Later, the term was also used for a simplified version of Bambara, which comes from Mali, mixed with elements of Maninka. It became a widely used lingua franca. Native speakers of Manding in the Ivory Coast use the pejorative term Tagbusikan (language of the Tagbusi/people outside the traditional Manding 'culture') to refer to this simplified language, while they called their own language Konyakakan, Odiennekakan or Maukakan. The influx of millions of migrant workers from the Sahel further boostered the use of Dyula in the Ivory Coast due to the need of a lingua franca. Many Burkinabe learned Dyula while staying in the Ivory Coast and further disseminated it back home. Today, Dyula is used to at least some extent by 61% of the population of the Ivory Coast and by about 35% of the Burkinabe (mainly those living in the southern or western part of the country).

== Phonology ==

=== Consonants ===

Consonants
|  |  | Labial | Alveolar | Palatal | Velar | Glottal |
| Nasal |  | m | n | ɲ | ŋ |  |
| Plosive | voiceless | p | t | c | k |  |
| voiced | b | d | ɟ | ɡ |  |
| Fricative | voiceless | f | s |  |  | h |
| voiced | v | z |  |  |  |
| Rhotic |  |  | r |  |  |  |
| Approximant |  |  | l | j | w |  |

=== Vowels ===

Vowels
|  | Front | Central | Back |
|---|---|---|---|
| Close | i |  | u |
| Close-mid | e |  | o |
| Open-mid | ɛ |  | ɔ |
| Open |  | a |  |

The seven vowel sounds may also be either lengthened //iː eː ɛː aː ɔː oː uː// or nasalized //ĩ ẽ ɛ̃ ã ɔ̃ õ ũ//.

==Writing systems==

=== N'Ko alphabet ===
The N'Ko script is an indigenous writing system for the Manding language continuum, invented in 1949 by Solomana Kanté, a Guinean educator. Today, the script has been digitised as part of Unicode, which allows it to be used easily online, but the lack of funding and the official status of French means that use of this alphabet largely happens outside of formal education and is not systematically used on street signs, etc.

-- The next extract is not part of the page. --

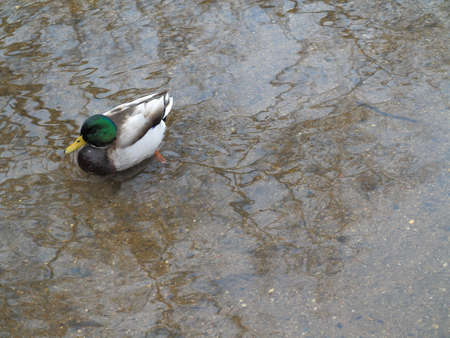 Duck and Copy Space - Wild duck in a dirty pond with muddy water.の写真素材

=== Latin alphabet and orthography ===
Dioula orthography is regulated in Burkina Faso by the Dioula Sub-Commission of the National Commission for Languages. On 15 July 1971, the National Sub-Commission for Dioula was created and on 16 July 1971, it began a study in order to set the Dioula alphabet. An alphabet was published on 27 July 1973 and gained official status on 2 February 1979. Some letters were added later, c, j for borrowed words, and others were replaced: sh by s, and ny by ɲ.

Dioula Alphabet
A: B; C; D; E; Ɛ; F; G; H; I; J; K; L; M; N; Ɲ; Ŋ; O; Ɔ; P; R; S; T; U; V; W; Y; Z
a: b; c; d; e; ɛ; f; g; h; i; j; k; l; m; n; ɲ; ŋ; o; ɔ; p; r; s; t; u; v; w; y; z
Phonetic value
a: b; c; d; e; ɛ; f; g; h; i; ɟ; k; l; m; n; ɲ; ŋ; o; ɔ; p; r; s; t; u; v; w; j; z

In Burkina Faso, the Dioula alphabet is made up of 28 letters each representing a single phoneme. In the orthography, long vowels are represented by doubled letters; thus, /e/ is written e and /eː/, ee. The nasalisation of a vowel is written followed by an n; for example, /ẽ/ is written en.

The notation of tones was recommended in 1973, but in practice they are not written. The transcription guide published in 2003 does not reiterate this recommendation. Tones are noted solely in lexicographical works. However, to avoid ambiguity, tone marking is obligatory in certain cases.

For example:

- a he/she (third person singular pronoun)
- á you (second person plural pronoun)

== Media ==
Dioula can be heard spoken in the 2004 film Night of Truth, directed by Fanta Régina Nacro, Burkina Faso's first female director.